§ **The problem**
The whole listing, apart from its images, should be restated word for word.

§ **Collected material**
------
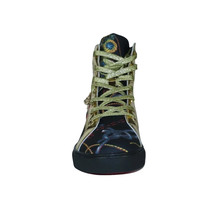 Mens High Top Shoes FIESSO by AURELIO GARCIA Chain Medusa Celebrity 2421 Black image 3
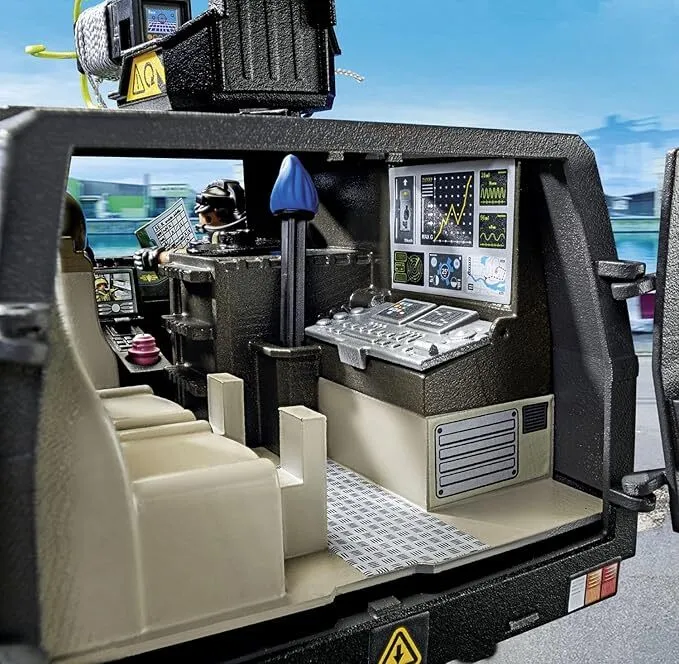 Playmobil City Action - Tactical Police: All-Terra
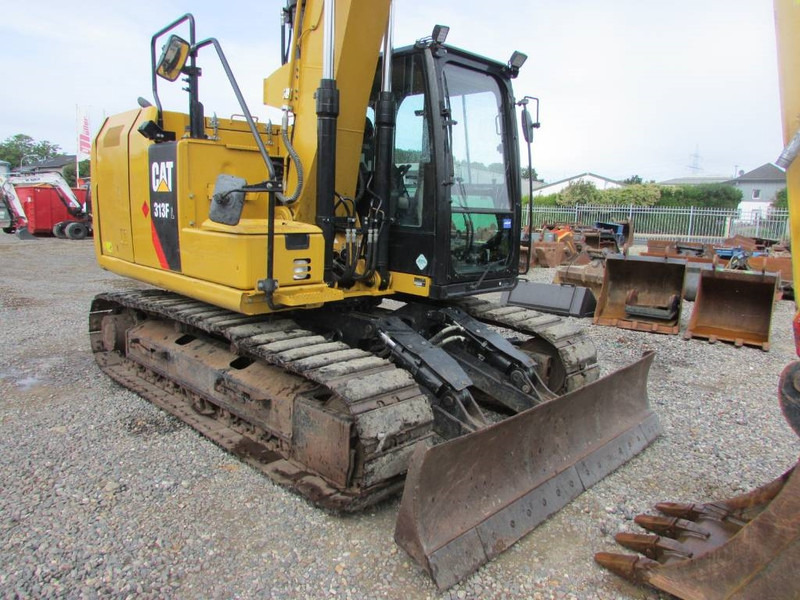 Cat 313 F L Kettenbagger 65.000 EUR / AC - Lintekskavaator: pilt 3 Cat 313 F L Kettenbagger 65.000 EUR / AC - Lintekskavaator: pilt 3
------
§ **Task output**
 Mens High Top Shoes FIESSO by AURELIO GARCIA Chain Medusa Celebrity 2421 Black image 3
 Playmobil City Action - Tactical Police: All-Terra
 Cat 313 F L Kettenbagger 65.000 EUR / AC - Lintekskavaator: pilt 3 Cat 313 F L Kettenbagger 65.000 EUR / AC - Lintekskavaator: pilt 3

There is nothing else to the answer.